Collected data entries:
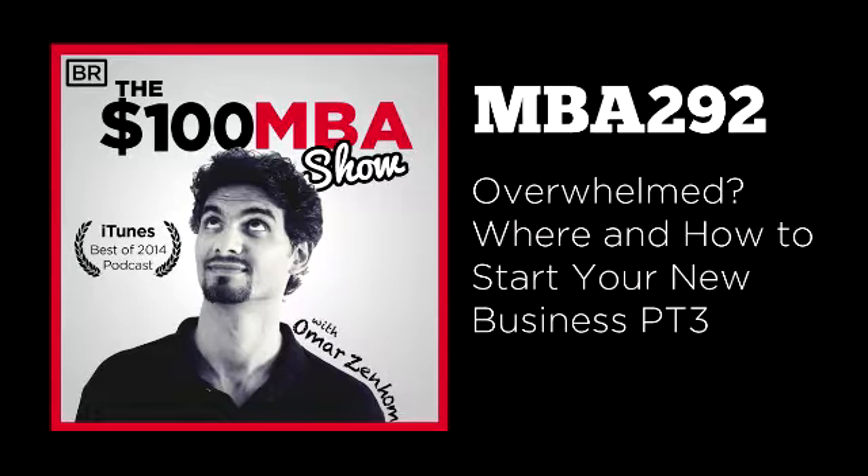Today is part three of our three-part lesson on where and how to start your new business. This three-part lesson is all about stopping the overwhelm — that whole feeling of having all this information and not knowing where to start, so you just give up because you're frustrated. In the first two parts, we covered the first six steps you need to focus on to get over your overwhelm and start your business. If you haven't listened to parts one and two, go back and listen because everything builds upon each other.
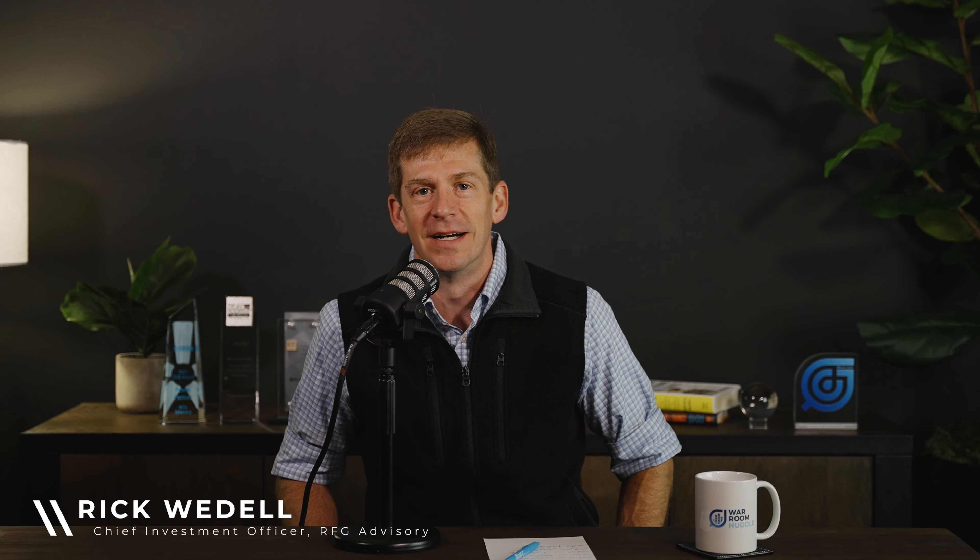Hi folks, Rick Waddell here. I'm the Chief Investment Officer at RFG and thought I would bring to you a brief update on something called an iBond, which has been making headlines recently. I wanted to introduce what these things are and clear up a little bit of confusion around them, because we've been getting a lot of client inquiry as to how exactly these things behave.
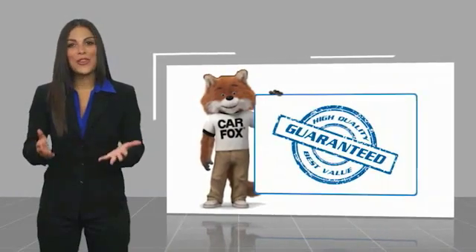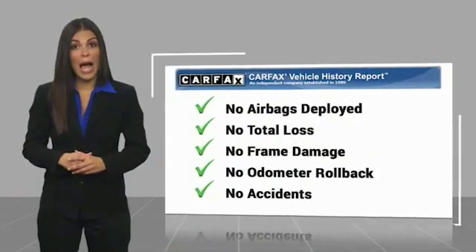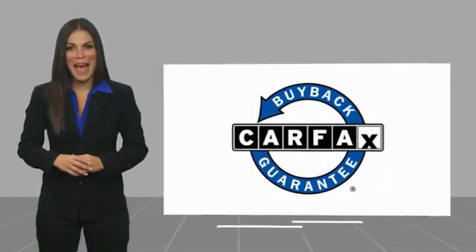Here's another high quality vehicle with a Carfax vehicle history report. Be sure to find a complimentary copy of this report online or contact the dealership. This vehicle qualifies for the Carfax buyback guarantee.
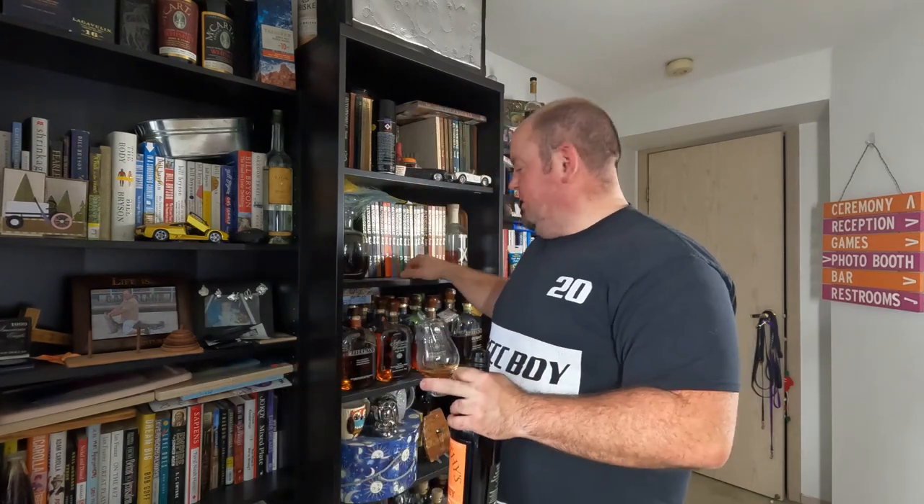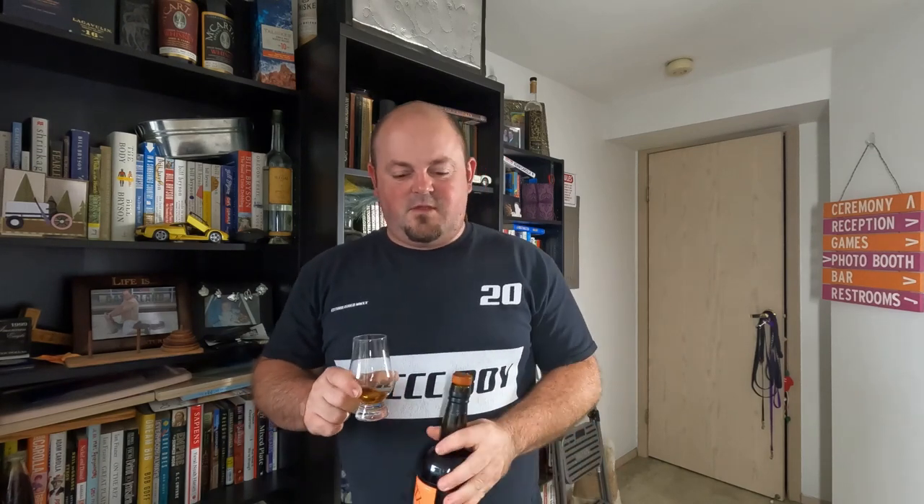Smoky, a little bit of brine on the nose, at least a little bit of sweetness in there. This guy is a 112.2 proof and you definitely feel that as it goes down.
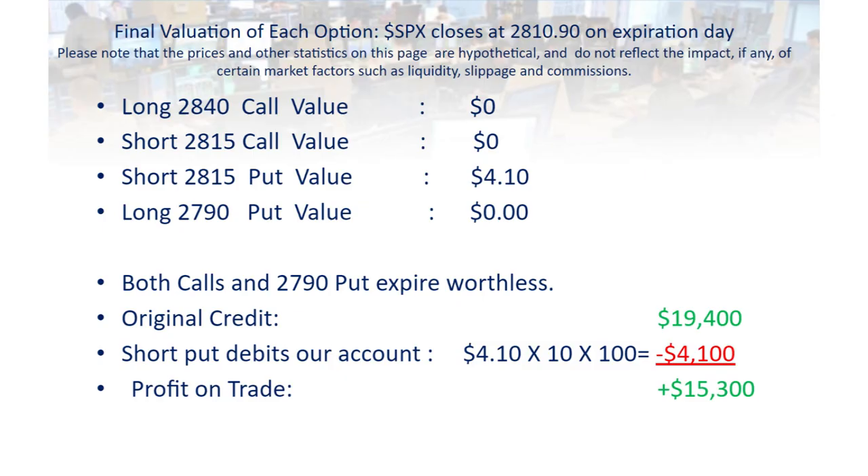Both calls — the short 2815 and the long 2840 — are above the money, so those calls have no value at settlement; they expire for zero. The short put at 2815 is $4.10 in the money because the SPX closed at 2810.90 on expiration day. So our account will be debited $4,100 to extinguish our obligation to the owner of that put. Finally, the 2790 put is below the market, so that also expires worthless. Our goal was to retain as much of the original credit as possible — and in this case that went very well, because the only obligation we had to return some of that credit came from that short 2815 put. We were able to walk away with $15,400, which against the original $5,600 margin on the trade resulted in a $15,300 profit.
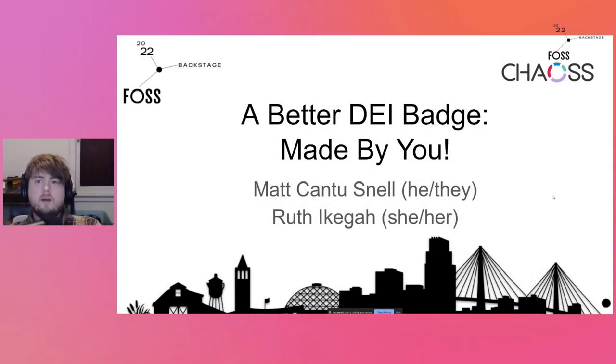Hi, I'd like to talk a little bit about diversity, equity and inclusion — that's DEI. And I'd like to talk about how that can be used in the real world and helped and improved by the community around the badge.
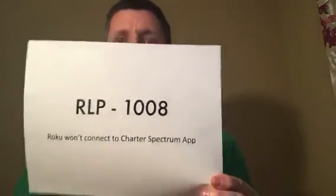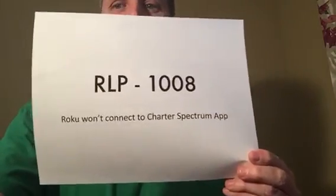So my advice to you is to unplug everything, wait a few minutes, plug it back in, and that should get rid of your RLP1008 code. Good luck, happy hunting.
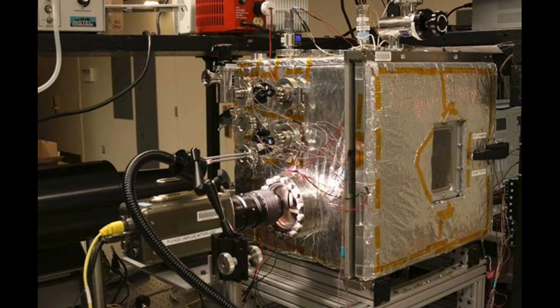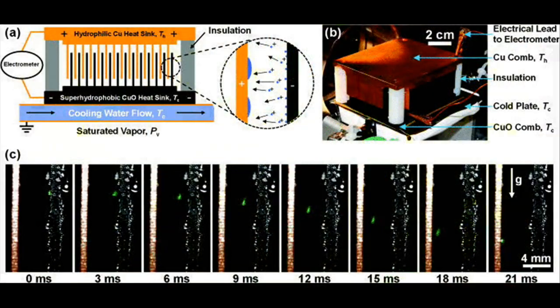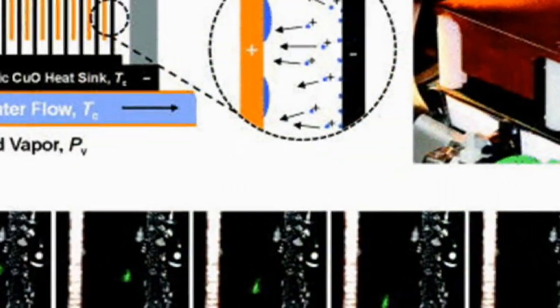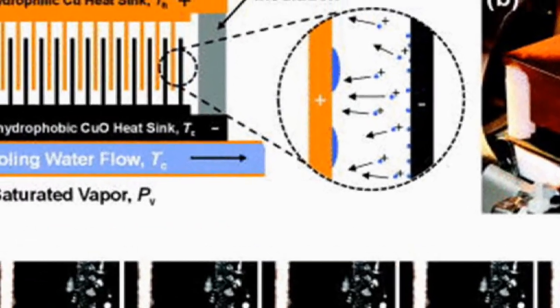The device itself could be simple, consisting of a series of interleaved flat metal plates. In initial testing, the amount of power produced was vanishingly small — just 15 picowatts per square centimeter of metal plate.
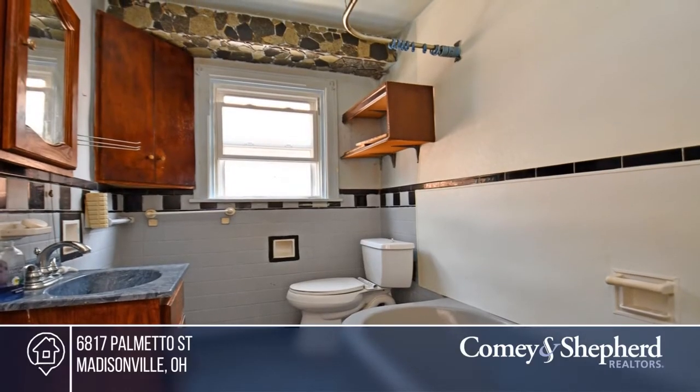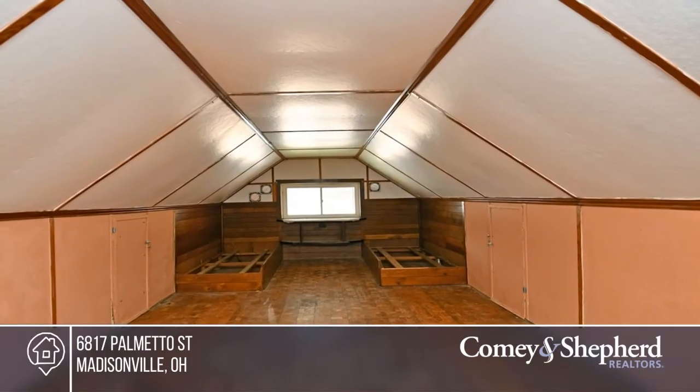Enjoy the newer roof, windows and HVAC. Walking distance to all the area has to offer.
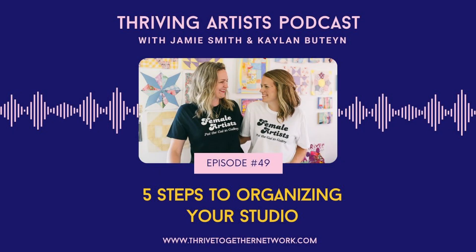Welcome to the Thriving Artist Podcast, where we share strategies and support for artists to thrive. We know that the art world can feel like a lonely place, and we want to provide a network of support, impactful strategies, and an abundance of encouragement to help you grow your authentic art career. We're your hosts — I'm Jamie Smith, and I'm Kaylin Butine. We are the co-founders of the Thrive Together Network, a community of female and non-binary identifying artists and artists who are caregivers. We truly believe in community over competition, and we're so glad you're here. Enjoy this episode.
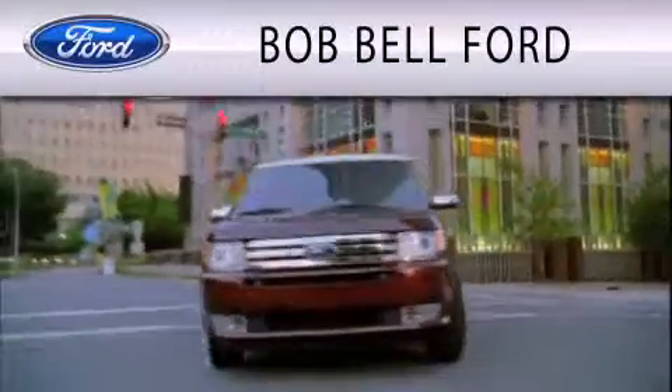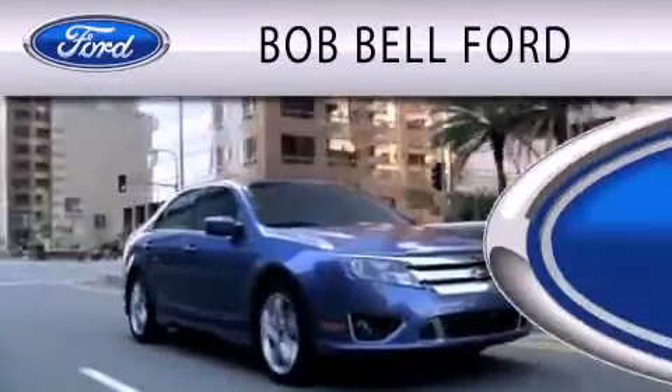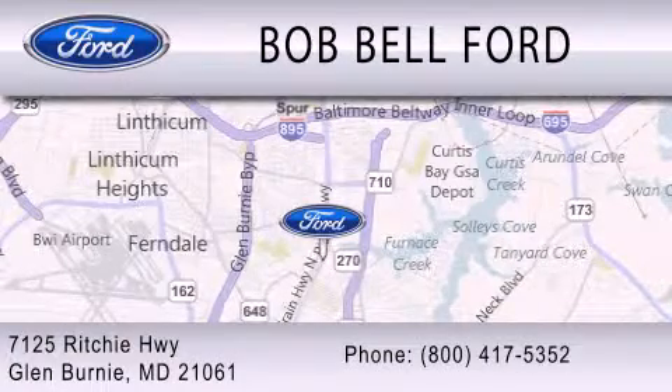Bob Bell Ford is dedicated to doing everything possible to ensure that the experience you have selecting your vehicle is as pleasant as possible. We are located at 7125 Ritchie Highway in Glen Burnie.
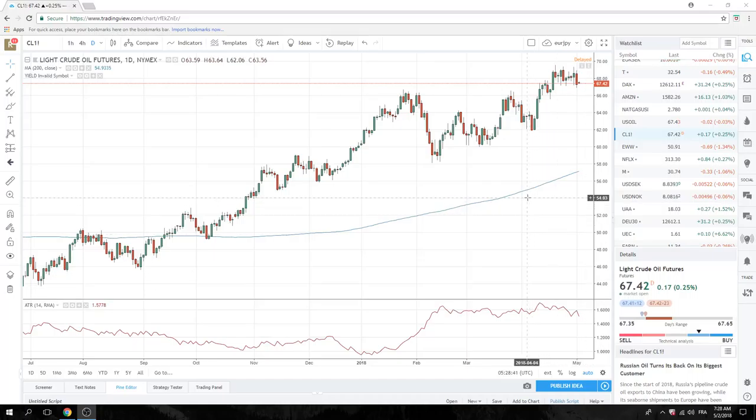Good morning, European traders. Privateer FX coming at you on the 2nd of May. Quick look at the oil chart — we got what we wanted yesterday. We sold oil through 67.20.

- _ABOUT THIS EXERCISE_: Beginning at the line above that contains "So my advice" and going on through the line that contains "Welcome to the", please copy every line exactly, leaving the pictures out and adding nothing.

- _WRITTEN REPLY_:
So my advice to you is to unplug everything, wait a few minutes, plug it back in, and that should get rid of your RLP1008 code. Good luck, happy hunting.
The device itself could be simple, consisting of a series of interleaved flat metal plates. In initial testing, the amount of power produced was vanishingly small — just 15 picowatts per square centimeter of metal plate.
Enjoy the newer roof, windows and HVAC. Walking distance to all the area has to offer.
Welcome to the Thriving Artist Podcast, where we share strategies and support for artists to thrive. We know that the art world can feel like a lonely place, and we want to provide a network of support, impactful strategies, and an abundance of encouragement to help you grow your authentic art career. We're your hosts — I'm Jamie Smith, and I'm Kaylin Butine. We are the co-founders of the Thrive Together Network, a community of female and non-binary identifying artists and artists who are caregivers. We truly believe in community over competition, and we're so glad you're here. Enjoy this episode.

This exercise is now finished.